Política y Política Cultural: una mirada retrospectiva (I)

Voces Emergentes

En agosto pasado publiqué en una bitácora la columna El debate sobre la cultura hoy: una opinión. La misma reflexionaba sobre la discusión sobre las políticas culturales que la administración de Alejandro García Padilla había puesto sobre la mesa. Una comisión cultural emanada del Ejecutivo y otra del Legislativo parecían destinadas a chocar en lo inmediato. Un asunto que había sido reducido a la condición de tema secundario de las páginas de entretenimiento de los medios de comunicación ocupaba las primeras planas. El nuevo gobierno se disponía a cumplir una promesa de campaña. A los pocos días el tema se había silenciado.

La relación del Estado con la Cultura durante el siglo 20 fue problemática. El conflicto no radicaba en la Cultura sino las pasiones que producía el “hacer cultural” y la relación de los “productores culturales” con el entorno político y social. Las tensiones derivadas de un proceso de modernización que, en el marco de una relación colonial, era difícil de deslindar de la asimilación y la americanización, dominaron en el discurso cultural hasta 1980 o 1990. En el preámbulo de la Era Global, si bien el tono se mitigó, otros discursos igualmente contenciosos ocuparon su lugar. Los choques entre el Estado y el “hacer cultural” son tan fuertes hoy como lo fueron cuando la defensa de la Identidad y la Nacionalidad eran el deber prioritario de los “productores culturales”.

El antagonismo poseía un pasado remoto: un signo distintivo del intelectual moderno ha sido su mirada antisistémica. La Generación Modernista (1911-1921) y las Vanguardias (1920-1930), mostraron preocupación por el efecto de la presencia de un “calibanizado” Estados Unidos en el trópico. En las Vanguardias, aquella voluntad llegó a adoptar modulaciones socialistas y rojas. Claro que el socialismo y el obrerismo era otra cosa en 1920: todavía Josip Stalin no era una figura del todo odiosa y la Guerra Fría debía esperar 26 años para comenzar.

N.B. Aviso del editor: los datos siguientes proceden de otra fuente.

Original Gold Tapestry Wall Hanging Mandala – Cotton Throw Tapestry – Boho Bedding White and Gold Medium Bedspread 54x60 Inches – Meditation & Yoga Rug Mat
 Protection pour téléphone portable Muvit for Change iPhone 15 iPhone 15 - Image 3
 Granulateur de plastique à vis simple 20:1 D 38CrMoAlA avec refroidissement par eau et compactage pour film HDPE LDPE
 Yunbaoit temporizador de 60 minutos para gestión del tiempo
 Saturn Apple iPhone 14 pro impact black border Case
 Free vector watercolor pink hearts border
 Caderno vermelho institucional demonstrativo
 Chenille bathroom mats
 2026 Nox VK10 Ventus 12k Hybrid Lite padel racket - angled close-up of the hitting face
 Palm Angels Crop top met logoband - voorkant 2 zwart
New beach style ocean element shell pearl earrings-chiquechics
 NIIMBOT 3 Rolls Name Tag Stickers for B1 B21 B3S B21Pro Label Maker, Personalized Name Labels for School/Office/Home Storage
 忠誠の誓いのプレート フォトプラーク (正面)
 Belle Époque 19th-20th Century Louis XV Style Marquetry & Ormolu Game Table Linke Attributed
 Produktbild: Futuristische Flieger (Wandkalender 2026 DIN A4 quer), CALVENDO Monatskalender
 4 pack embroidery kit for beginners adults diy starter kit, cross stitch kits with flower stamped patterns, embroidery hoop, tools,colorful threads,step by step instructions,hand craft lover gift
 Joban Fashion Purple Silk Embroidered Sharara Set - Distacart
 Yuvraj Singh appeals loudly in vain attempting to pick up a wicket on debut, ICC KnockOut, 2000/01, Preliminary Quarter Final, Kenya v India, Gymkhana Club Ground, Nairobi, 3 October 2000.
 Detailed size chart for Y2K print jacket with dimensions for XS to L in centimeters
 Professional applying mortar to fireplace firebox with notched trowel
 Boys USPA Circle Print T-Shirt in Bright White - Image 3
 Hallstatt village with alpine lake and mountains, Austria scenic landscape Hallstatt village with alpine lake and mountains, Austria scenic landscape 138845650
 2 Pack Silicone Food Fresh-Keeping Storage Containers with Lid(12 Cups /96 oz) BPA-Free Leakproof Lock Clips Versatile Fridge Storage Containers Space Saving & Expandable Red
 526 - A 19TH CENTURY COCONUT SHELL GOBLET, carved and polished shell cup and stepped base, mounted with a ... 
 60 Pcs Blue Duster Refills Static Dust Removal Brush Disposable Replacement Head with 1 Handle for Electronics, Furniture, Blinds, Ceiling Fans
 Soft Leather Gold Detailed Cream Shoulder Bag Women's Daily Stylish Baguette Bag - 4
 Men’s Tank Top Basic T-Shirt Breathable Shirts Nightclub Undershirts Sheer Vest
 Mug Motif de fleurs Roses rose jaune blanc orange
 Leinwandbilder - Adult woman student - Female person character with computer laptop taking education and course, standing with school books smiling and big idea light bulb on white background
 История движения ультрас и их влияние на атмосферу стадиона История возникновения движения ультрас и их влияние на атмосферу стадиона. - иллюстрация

La Generación de 1930 y la del 1947-1950, tuvieron otra tesitura. Es cierto que los intelectuales más visibles de ambas fueron críticos de la situación imperante. Reconozco que, como ellos fueron responsables de escribir su historia, tuvieron cuidado en invisibilizar a quienes no se ajustaban a ese criterio. Pero el periodo entre guerras imprimió a la primera un tono pontifical y pesimista ante el pasado inmediato que los condujo a una hispanofilia salvaje. La segunda pos-guerra y el primer populismo justificaron una esperanza de regeneración que alentó lo mismo a los moderados que a los radicales del 1950. Por eso los discursos culturales del 1930 y 1950, me parecen más concentrados en la búsqueda de una actitud mesurada que posibilitase la “armonía social” soñada por los modernizadores.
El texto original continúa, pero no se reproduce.